**PROBLEM DETAILS**
Nothing but the pictures gets dropped; retype every entry exactly.

**THE INPUT**
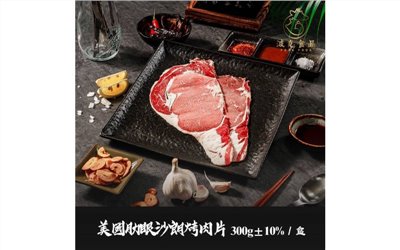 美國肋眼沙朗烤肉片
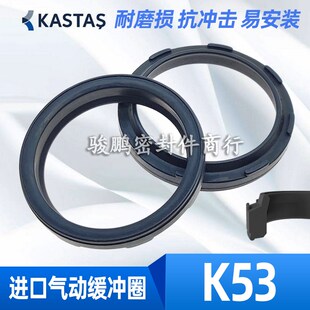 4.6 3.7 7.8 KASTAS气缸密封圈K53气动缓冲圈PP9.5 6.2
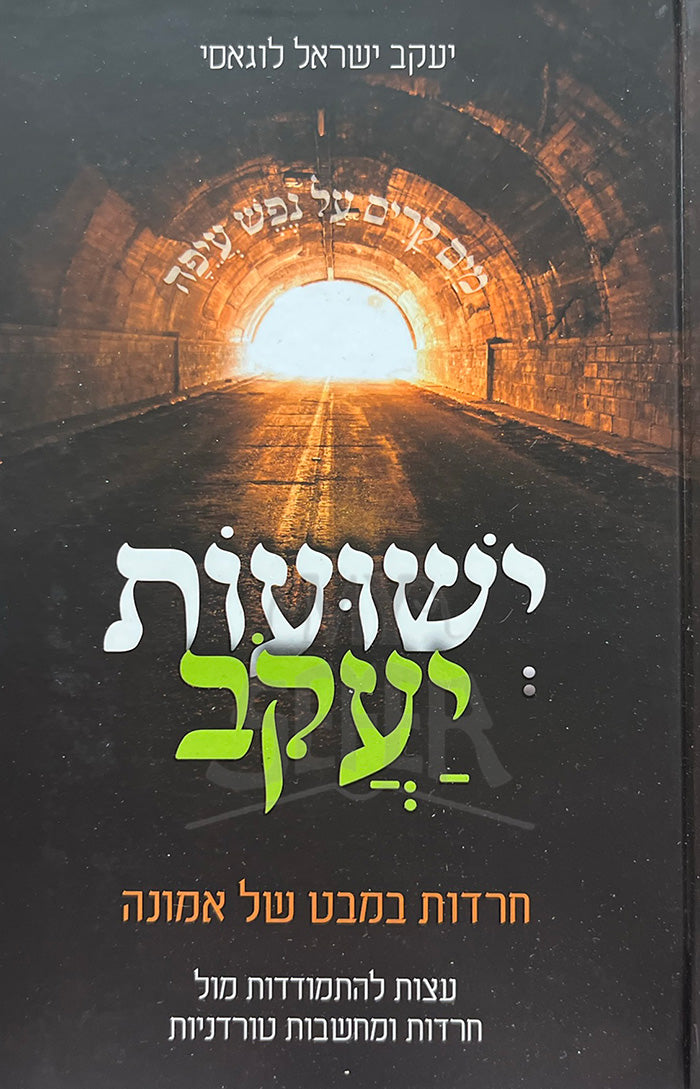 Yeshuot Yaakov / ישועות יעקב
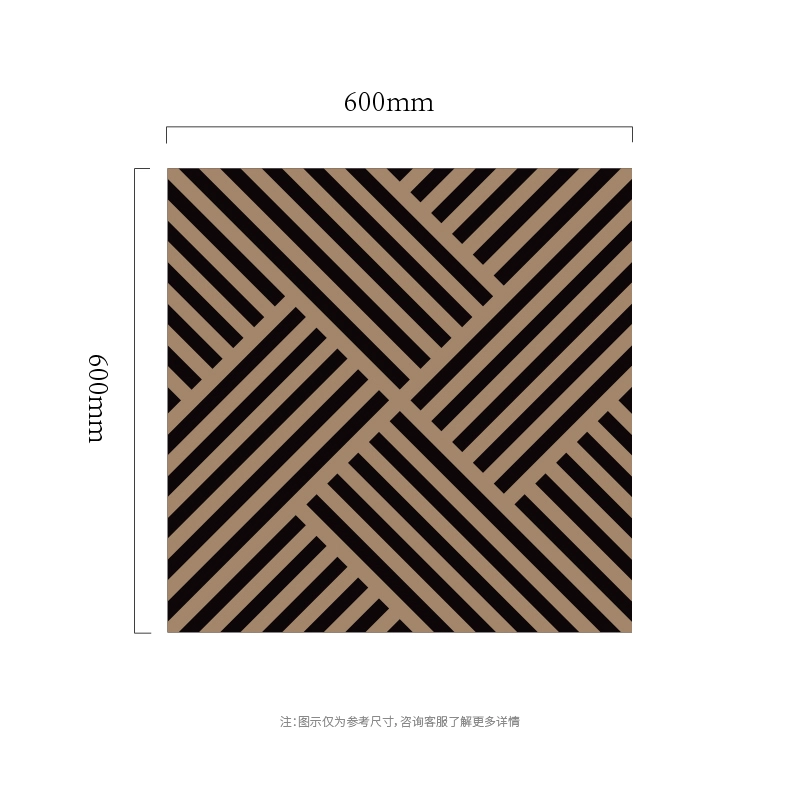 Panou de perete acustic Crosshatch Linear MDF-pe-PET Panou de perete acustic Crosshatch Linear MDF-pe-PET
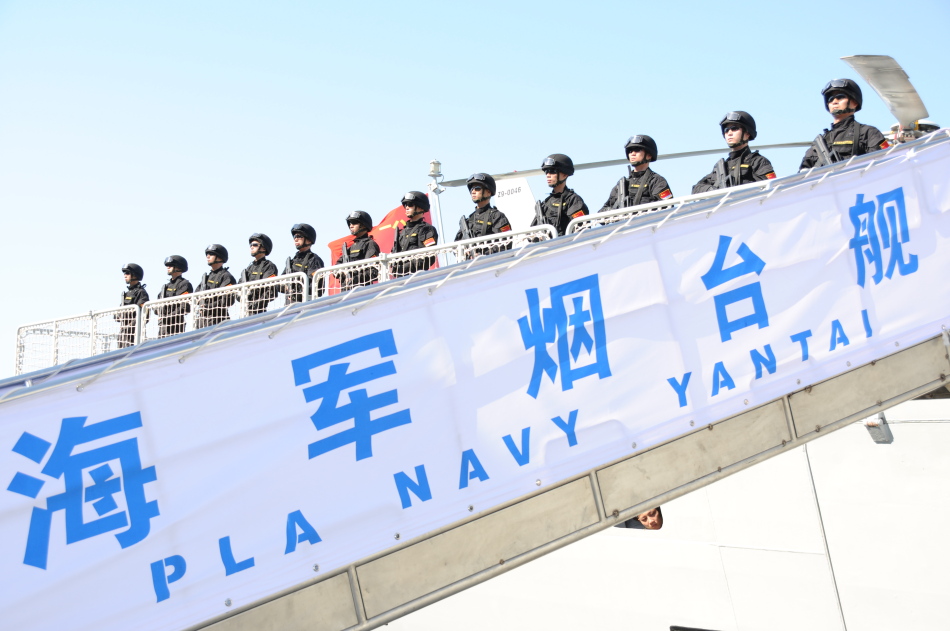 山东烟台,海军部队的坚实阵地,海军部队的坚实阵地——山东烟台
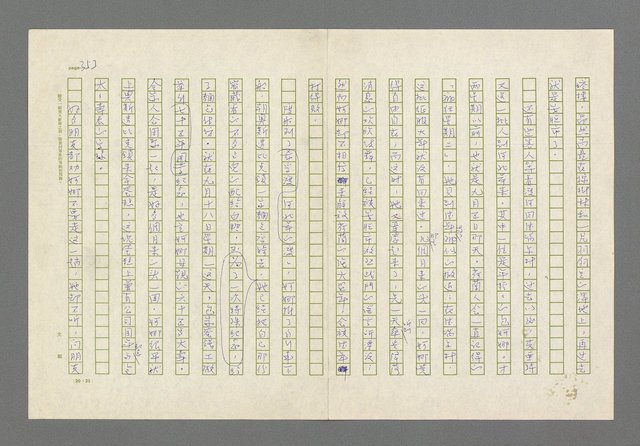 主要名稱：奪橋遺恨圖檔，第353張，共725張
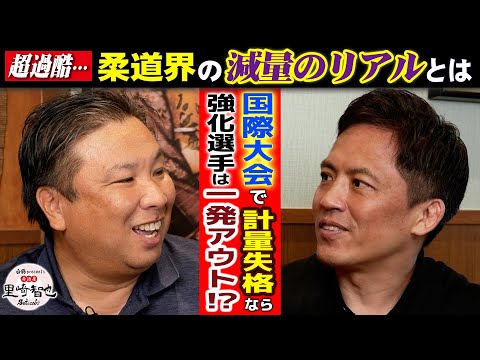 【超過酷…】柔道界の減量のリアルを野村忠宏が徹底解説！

**OUTPUT FOR THIS EXERCISE**
 美國肋眼沙朗烤肉片
 4.6 3.7 7.8 KASTAS气缸密封圈K53气动缓冲圈PP9.5 6.2
 Yeshuot Yaakov / ישועות יעקב
 Panou de perete acustic Crosshatch Linear MDF-pe-PET Panou de perete acustic Crosshatch Linear MDF-pe-PET
 山东烟台,海军部队的坚实阵地,海军部队的坚实阵地——山东烟台
 主要名稱：奪橋遺恨圖檔，第353張，共725張
 【超過酷…】柔道界の減量のリアルを野村忠宏が徹底解説！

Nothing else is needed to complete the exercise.